Crispin’s bot reinforced this. By removing human judgment entirely, his automated strategy captured the baseline irrationality of prediction markets. The bot didn’t need to know anything about Greenland or the Nobel Prize. It just needed to know that most speculative scenarios don’t happen.
The success of Buterin, Domer, and Crispin points to a structural flaw in prediction markets. They’re supposed to aggregate wisdom and reveal true probabilities. But when narrative bias takes over, they do the opposite. They amplify groupthink and reward contrarian logic.
That’s not changing anytime soon. As long as dramatic headlines dominate the news cycle, prediction markets will keep overpricing unlikely events. And traders who bet against the hype will keep winning. Buterin’s $70,000 profit is just one example of a much larger pattern.

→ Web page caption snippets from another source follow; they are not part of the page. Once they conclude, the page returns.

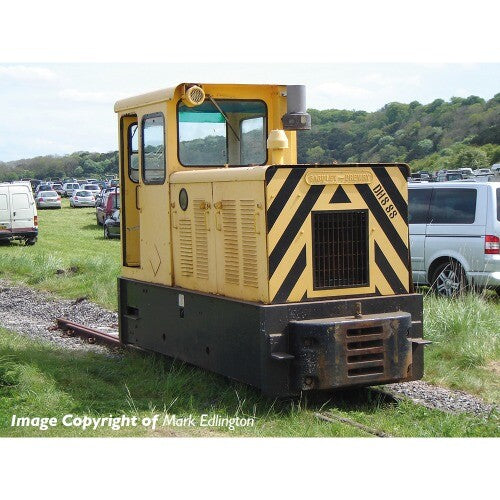OO9 009 Baguley-Drewry 70hp RNAD diesel locomotive kit body shown mounted on a Kato 11-109 narrow gauge chassis
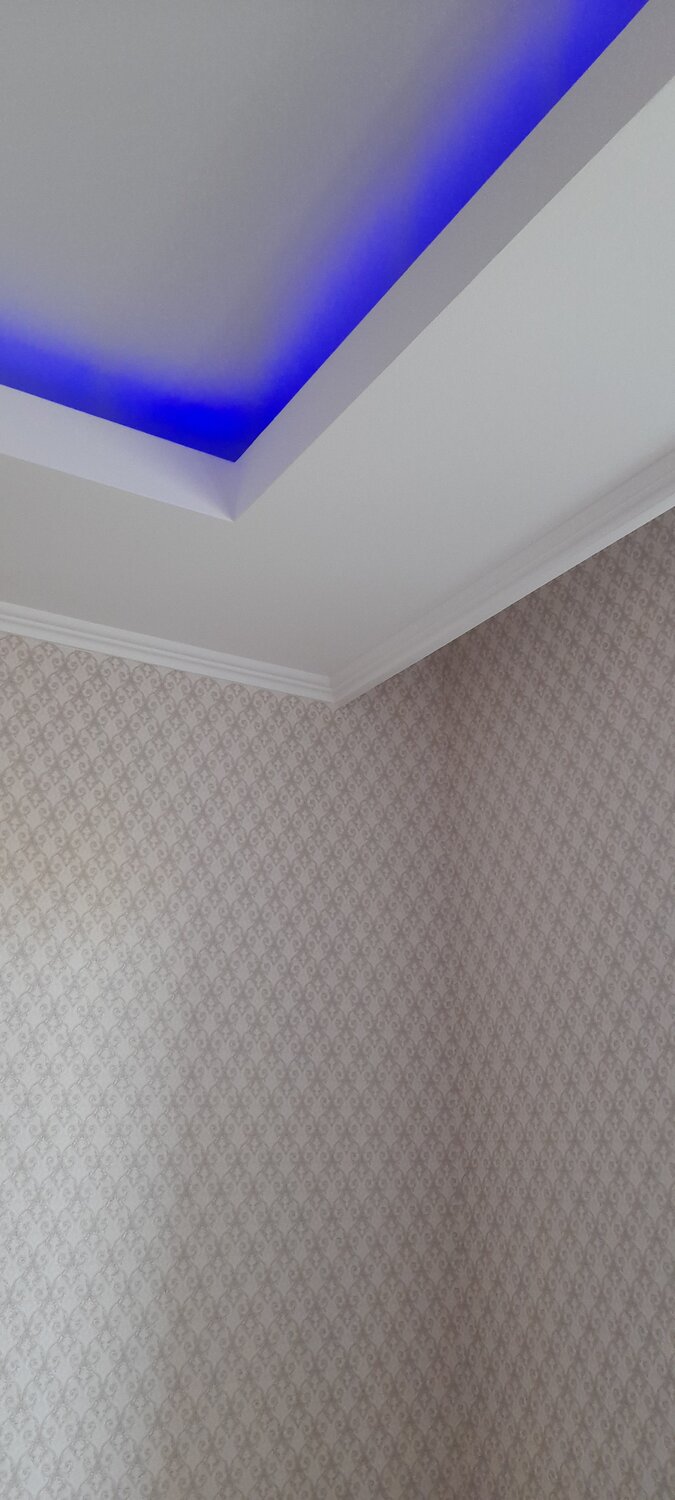 натяжной потолок с подсветкой по периметру, многоуровневые натяжные потолки с подсветкой, потолок с подсветкой по периметру, потолки из гипсокартона с подсветкой, потолок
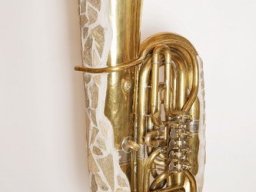 Leuchter aus Blasinstrumenten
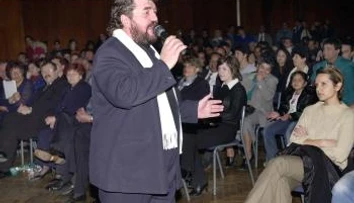 Zomrel rómsky spevák a muzikant Ľubo Virág (†68). Jeho legendárnu pieseň pozná azda každý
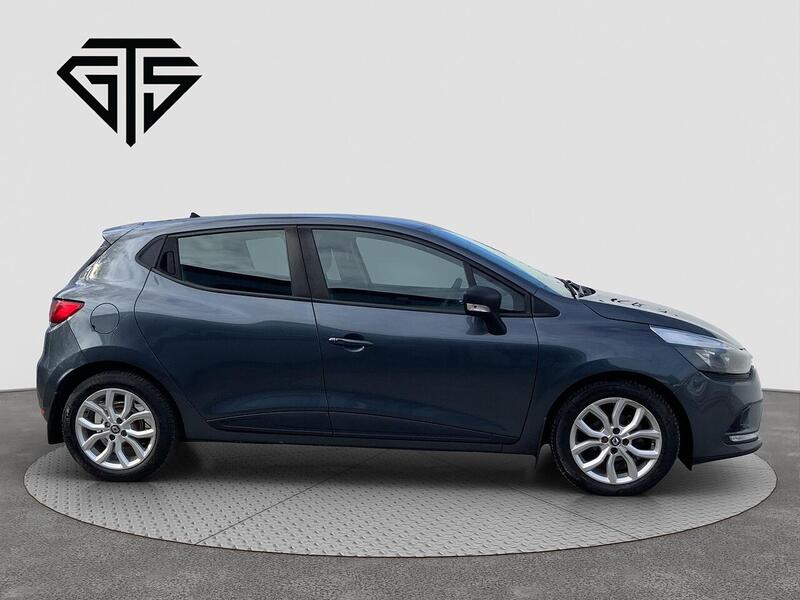 Renault Clio view 2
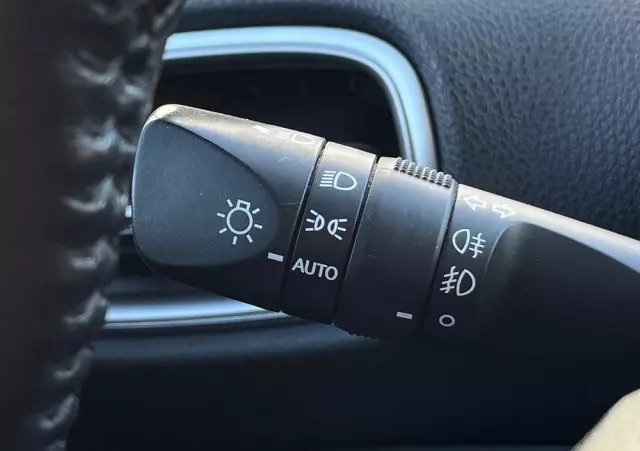 TOYOTA Prius Plug-in 1.8 Hybrid Prestige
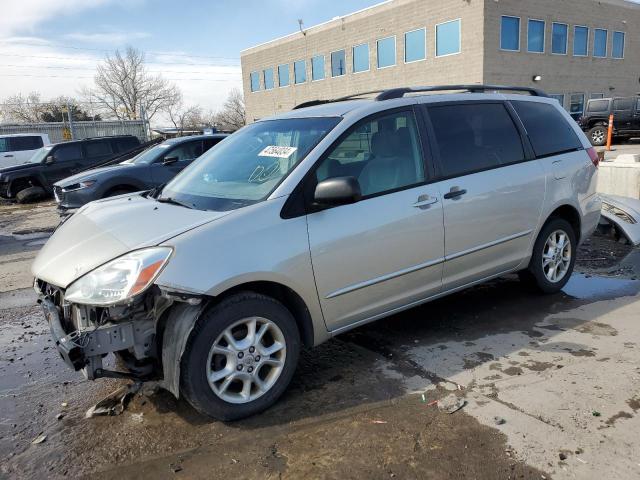 Изображение 2004 TOYOTA SIENNA LE 2004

The irrationality isn’t a bug. It’s a feature. And it’s profitable for anyone willing to fade the crowd.
Frequently Asked Questions
How much did Vitalik Buterin make betting on Polymarket?
Vitalik Buterin earned $70,000 from Polymarket by betting $440,000 against irrational prediction market outcomes, achieving a 16% return.
What percentage of Polymarket bets resolve as “No”?
Polymarket reports that 73.3% of all resolved markets conclude with a “No” outcome, making contrarian bets statistically favorable.
Who else has profited from contrarian prediction market bets?
Former poker player Domer made $400,000 on Polymarket, including a successful $100,000 bet on Cardinal Robert Francis Prevost not becoming pope despite 5% market odds.